Political Strategy for a Permanent Democratic Majority

Chain-Yanking

It’s bad enough when diplomatic–or undiplomatic–pressure forces a president to repudiate the position of any foreign relations officer, much less the Secretary of State, whose credibility is a very important asset. It’s vastly worse when the source of that pressure publicly gloats about it, in the context of events that are at the very center of the whole world’s attention right now.
But that’s what happened yesterday as Israeli prime minister Ehud Olmert gave a speech boasting that he got President Bush dragged off a podium in Philadelphia and secured instructions to Condeleezza Rice ordering her to abstain from a UN resolution calling for an end to the conflict in Gaza that she had helped draft and publicly backed.

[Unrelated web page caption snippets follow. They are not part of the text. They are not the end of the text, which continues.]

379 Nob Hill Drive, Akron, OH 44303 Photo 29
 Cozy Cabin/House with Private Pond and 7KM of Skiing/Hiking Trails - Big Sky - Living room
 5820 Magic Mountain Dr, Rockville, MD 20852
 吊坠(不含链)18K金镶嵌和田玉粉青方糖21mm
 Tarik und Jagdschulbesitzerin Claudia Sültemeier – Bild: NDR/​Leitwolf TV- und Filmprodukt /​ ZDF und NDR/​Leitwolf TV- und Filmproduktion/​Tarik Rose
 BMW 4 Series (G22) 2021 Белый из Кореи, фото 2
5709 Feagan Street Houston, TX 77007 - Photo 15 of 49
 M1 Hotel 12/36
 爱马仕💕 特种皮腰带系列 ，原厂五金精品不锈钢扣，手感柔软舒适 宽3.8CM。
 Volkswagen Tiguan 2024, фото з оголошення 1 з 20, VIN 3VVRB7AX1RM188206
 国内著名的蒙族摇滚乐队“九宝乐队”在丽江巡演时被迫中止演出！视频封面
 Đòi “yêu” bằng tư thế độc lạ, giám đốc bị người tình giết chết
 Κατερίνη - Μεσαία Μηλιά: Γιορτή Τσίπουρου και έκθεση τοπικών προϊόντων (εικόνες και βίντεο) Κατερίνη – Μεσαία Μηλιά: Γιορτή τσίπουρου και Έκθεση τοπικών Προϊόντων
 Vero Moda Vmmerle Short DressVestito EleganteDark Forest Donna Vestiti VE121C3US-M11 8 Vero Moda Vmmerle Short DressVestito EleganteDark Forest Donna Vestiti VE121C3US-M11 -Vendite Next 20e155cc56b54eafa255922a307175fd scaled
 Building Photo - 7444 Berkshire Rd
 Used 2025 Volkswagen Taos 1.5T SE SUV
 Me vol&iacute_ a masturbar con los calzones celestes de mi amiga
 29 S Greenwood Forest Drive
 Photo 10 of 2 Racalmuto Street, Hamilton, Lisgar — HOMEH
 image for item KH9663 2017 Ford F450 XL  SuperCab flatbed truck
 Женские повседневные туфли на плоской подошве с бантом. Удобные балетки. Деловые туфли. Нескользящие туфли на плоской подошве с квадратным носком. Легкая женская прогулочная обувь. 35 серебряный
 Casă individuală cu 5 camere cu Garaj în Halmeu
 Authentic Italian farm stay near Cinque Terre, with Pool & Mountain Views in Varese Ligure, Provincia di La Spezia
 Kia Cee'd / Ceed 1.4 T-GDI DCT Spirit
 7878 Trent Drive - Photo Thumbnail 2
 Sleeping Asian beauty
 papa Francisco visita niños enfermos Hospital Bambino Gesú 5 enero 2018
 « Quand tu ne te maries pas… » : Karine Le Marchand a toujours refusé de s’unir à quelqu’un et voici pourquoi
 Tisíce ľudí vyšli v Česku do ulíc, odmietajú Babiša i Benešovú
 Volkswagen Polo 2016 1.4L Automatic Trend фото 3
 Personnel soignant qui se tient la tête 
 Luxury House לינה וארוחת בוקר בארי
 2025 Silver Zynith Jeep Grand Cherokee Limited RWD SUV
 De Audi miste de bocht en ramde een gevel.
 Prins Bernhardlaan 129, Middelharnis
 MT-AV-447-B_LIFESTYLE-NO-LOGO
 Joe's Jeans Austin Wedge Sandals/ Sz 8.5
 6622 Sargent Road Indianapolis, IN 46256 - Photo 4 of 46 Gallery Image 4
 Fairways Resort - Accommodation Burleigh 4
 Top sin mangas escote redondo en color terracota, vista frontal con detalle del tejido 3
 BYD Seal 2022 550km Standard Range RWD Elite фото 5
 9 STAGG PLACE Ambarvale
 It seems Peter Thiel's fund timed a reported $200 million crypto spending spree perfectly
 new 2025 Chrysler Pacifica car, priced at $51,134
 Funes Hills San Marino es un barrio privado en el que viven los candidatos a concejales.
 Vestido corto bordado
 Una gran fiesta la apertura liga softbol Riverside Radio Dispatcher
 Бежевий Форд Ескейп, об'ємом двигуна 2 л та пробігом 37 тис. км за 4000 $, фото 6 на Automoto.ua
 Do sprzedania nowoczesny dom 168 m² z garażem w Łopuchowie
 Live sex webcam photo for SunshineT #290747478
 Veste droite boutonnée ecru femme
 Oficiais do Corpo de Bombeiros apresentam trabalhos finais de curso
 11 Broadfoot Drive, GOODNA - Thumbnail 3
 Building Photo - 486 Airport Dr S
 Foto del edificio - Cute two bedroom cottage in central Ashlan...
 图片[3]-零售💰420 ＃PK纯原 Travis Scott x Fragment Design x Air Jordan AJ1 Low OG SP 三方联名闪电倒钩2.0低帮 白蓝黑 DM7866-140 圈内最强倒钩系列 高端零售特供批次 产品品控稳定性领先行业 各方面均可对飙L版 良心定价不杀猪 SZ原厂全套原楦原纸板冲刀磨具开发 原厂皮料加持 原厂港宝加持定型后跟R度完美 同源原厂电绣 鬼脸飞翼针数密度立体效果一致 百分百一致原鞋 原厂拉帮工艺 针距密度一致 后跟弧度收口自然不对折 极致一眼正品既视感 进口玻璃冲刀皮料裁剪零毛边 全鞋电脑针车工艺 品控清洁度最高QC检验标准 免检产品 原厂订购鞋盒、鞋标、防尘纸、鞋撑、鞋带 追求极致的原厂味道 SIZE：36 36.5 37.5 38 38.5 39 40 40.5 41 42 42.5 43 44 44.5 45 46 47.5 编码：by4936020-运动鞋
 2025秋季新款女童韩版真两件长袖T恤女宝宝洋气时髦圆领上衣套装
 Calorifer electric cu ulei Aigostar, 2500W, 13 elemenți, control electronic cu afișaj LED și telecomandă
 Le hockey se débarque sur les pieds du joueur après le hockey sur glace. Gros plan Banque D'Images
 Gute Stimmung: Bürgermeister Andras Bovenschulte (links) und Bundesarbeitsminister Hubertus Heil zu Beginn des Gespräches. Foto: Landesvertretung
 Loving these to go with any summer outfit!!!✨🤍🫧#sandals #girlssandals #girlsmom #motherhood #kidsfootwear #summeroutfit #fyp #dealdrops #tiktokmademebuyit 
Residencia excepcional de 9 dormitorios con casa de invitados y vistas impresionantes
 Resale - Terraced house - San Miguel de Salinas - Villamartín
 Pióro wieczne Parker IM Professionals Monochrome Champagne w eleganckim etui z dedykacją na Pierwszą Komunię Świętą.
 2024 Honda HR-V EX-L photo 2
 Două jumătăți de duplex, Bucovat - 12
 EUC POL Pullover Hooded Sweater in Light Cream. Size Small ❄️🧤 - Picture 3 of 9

“I said, ‘Get me President Bush on the phone,’ ” Mr. Olmert said in a speech in the southern Israeli city of Ashkelon, according to The Associated Press. “They said he was in the middle of giving a speech in Philadelphia. I said I didn’t care: ‘I need to talk to him now,’ ” Mr. Olmert continued. “He got off the podium and spoke to me.”
Israel opposed the resolution, which called for a halt to the fighting in Gaza, because the government said it did not provide for Israel’s security. It passed 14 to 0, with the United States abstaining.
Mr. Olmert claimed that once he made his case to Mr. Bush, the president called Ms. Rice and told her to abstain. “She was left pretty embarrassed,” Mr. Olmert said, according to The A.P.

The State Department is claiming that Rice intended to abstain on the resolution all along, but that barely passes the laugh test.
When Barack Obama officially takes over his constitutional duties as president, two of his most urgent challenges will be to set an entirely new tone in foreign policy, and to exhibit real leadership in the Middle East. In pursuit of both challenges, let’s hope that he makes it abundantly clear from the get-go that the kind of public manipulation of the United States that Olmert engaged in will not be acceptable.
Maybe he won’t have to say a whole lot. I somehow don’t think that even an erratic and embattled lame-duck politician like Olmert would dare to try to yank the chain of Hillary Clinton, much less in public. You’d want to think real hard about the consequences.